6.1.1.3 Substrate Thickness

The doped silicon substrate is one major source of loss for on-chip antennas. Not only does the substrate present a resistive load to the antenna, surface waves in the substrate also lead to significant loss in the antenna [64]. Thinning the die therefore mitigates this issue. Simulation (Fig. 6.6) shows a significant improvement in efficiency from 25% to over 30% by thinning the die from a typical 250µm to a 100µm thickness.

6.2 Multiple-Access On-Chip Antenna

Although it does support reasonable in-plane radiation compared to other structures, a slot-loop antenna still displays a null in the feed direction due to its planar nature (Fig. 6.7).

Fortunately, the rotationally symmetric shape of the slot-loop antenna provides an opportunity to drive it at different points, achieving antenna diversity using the same radiating structure. The fact that the antenna is integrated on the same chip with all the transistors eases the connection between the circuits and the antenna, eliminating extra high frequency I/O’s that would be required with off-chip antennas. As shown in Fig. 6.8, the radiation pattern when driving at P2 covers the null direction of the pattern when driven at P1. The overall coverage of the entire system is therefore boosted. Simulation shows that the worst case gain normalized to the peak is -3dB at the cross point of these two radiation patterns.
The same principle can also be utilized for the purpose of T/R switching. Similar to [65], connecting the transmitter and receiver at different locations removes the explicit T/R switch, reducing the loss of the front-end. As an example shown in Fig. 6.9, the antenna has four different ports and two of them are connected to the transmitters (TX1, TX2) and the other two ports are connected to receivers (RX1, RX2). The two receivers are orthogonal to each other, and therefore provide full coverage.
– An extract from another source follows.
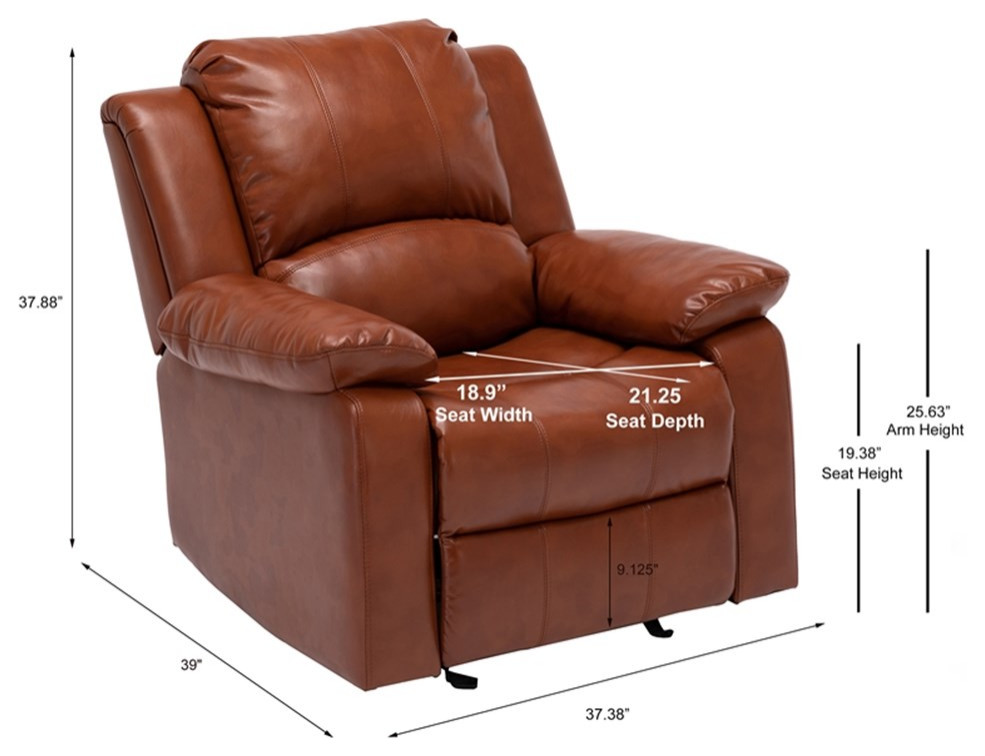 Home Square Faux Leather Glider Rocker Recliner in Caramel   Set of 2   Contemporary   Recliner Chairs   by Homesquare  Houzz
The transmitters are also orthogonal to each other, but they are 45° rotated from the receivers to ease the integration with other building blocks.
6.2.1 Antenna Multiplexing

To switch between different drive points, the entire transmitter is duplicated and each of them can be turned on/off independently. When it is off, the input clock is gated through control signals and the biases of the oscillator as well as the power amplifier are grounded. However, the receiver has too large of a footprint to duplicate, mainly due to its multiple stages and
the bulky hybrid. The multiplexing is therefore done in the first stage LNA, realized by two identical cascode LNAs whose drains are shorted and gate biases are independently controlled (Fig. 6.10). Depending on the cascode bias control as well as the input device control, signals from different driving points are passed through the following stages.

![Figure 6.10: Input multiplexer embedded in low noise amplifier.](image)
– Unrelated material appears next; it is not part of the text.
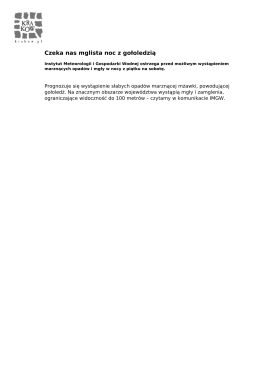 Czeka nas mglista noc z gołoledzią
6.2.2 Reducing Loading Effect

The major concern when adding multiple drivers/receivers to the antenna is that their additional loading can result in degraded efficiency. For a slot antenna, it is important to maintain a high impedance when the driver or receiver is not used. This is much easier to achieve than a loop structure, where a low impedance is desirable to present between the two terminals of the drive point and therefore large device size is required.

On the transmitter side, because the off power amplifier presents only the drain capacitance of the transistor in parallel with the transformer, it intrinsically presents a high impedance. The off impedance is limited by the parallel impedance of the transformer, which is close to 200Ω in our design, sufficiently high for our purposes. Therefore, the antenna switching in the transmitter can simply be achieved by turning off the power amplifier bias.

However, the proposed LNA/MUX scheme has a significant issue: the input impedance of the LNA in the off state is low. In a inductively source degenerated LNA (Fig. 6.11), the input impedance is

\[
Z_{in} = sL_g + sL_s + \frac{1}{sC_{gs}} + \frac{g_m}{C_{gs}}L_s. \tag{6.2}
\]
The LNA is usually designed to have $L_g + L_s$ resonating with $C_{gs}$, and the real part of the impedance is designed to be 50Ω when the transistor is on. However, when the transistor is off, the real part of the impedance goes away, leaving the input impedance as a short (Fig. 6.11(c)). This will significantly load the antenna and is thus undesirable. To solve this issue, a $\lambda/4$ transmission line is inserted in front of the receiver, transforming the impedance up when the LNA is off and maintaining the match when the LNA is on. This part of the transmission line also serves the purpose of routing to bring the input signals to a single location on the die, as shown in Fig. 6.12. Because the gate of the two LNAs are DC shorted through the transmission line and the antenna, it is desirable to add an AC coupling capacitor (Fig. 6.12) to isolate the bias so they can be adjusted independently.

![Figure 6.11: (a) Schematic of source degenerated LNA and its impedance with bias (b) on and (c) off.](image)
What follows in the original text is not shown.